Data supplied Block Start

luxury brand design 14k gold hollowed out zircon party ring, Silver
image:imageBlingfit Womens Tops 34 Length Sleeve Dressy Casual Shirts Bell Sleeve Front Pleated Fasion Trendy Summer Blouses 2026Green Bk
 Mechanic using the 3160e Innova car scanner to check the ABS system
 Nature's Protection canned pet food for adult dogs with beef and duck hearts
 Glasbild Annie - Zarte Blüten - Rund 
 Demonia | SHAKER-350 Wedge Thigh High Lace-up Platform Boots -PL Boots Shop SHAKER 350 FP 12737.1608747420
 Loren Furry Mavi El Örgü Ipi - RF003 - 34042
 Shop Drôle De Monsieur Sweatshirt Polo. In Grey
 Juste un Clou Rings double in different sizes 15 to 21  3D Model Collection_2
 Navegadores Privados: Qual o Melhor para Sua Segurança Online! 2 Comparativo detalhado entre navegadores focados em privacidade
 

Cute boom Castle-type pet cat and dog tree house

Data supplied Block End

■ **Description of the task**: Each line above where the word "Shop" occurs should be returned in full.

■ **Result below**:
 Demonia | SHAKER-350 Wedge Thigh High Lace-up Platform Boots -PL Boots Shop SHAKER 350 FP 12737.1608747420
 Shop Drôle De Monsieur Sweatshirt Polo. In Grey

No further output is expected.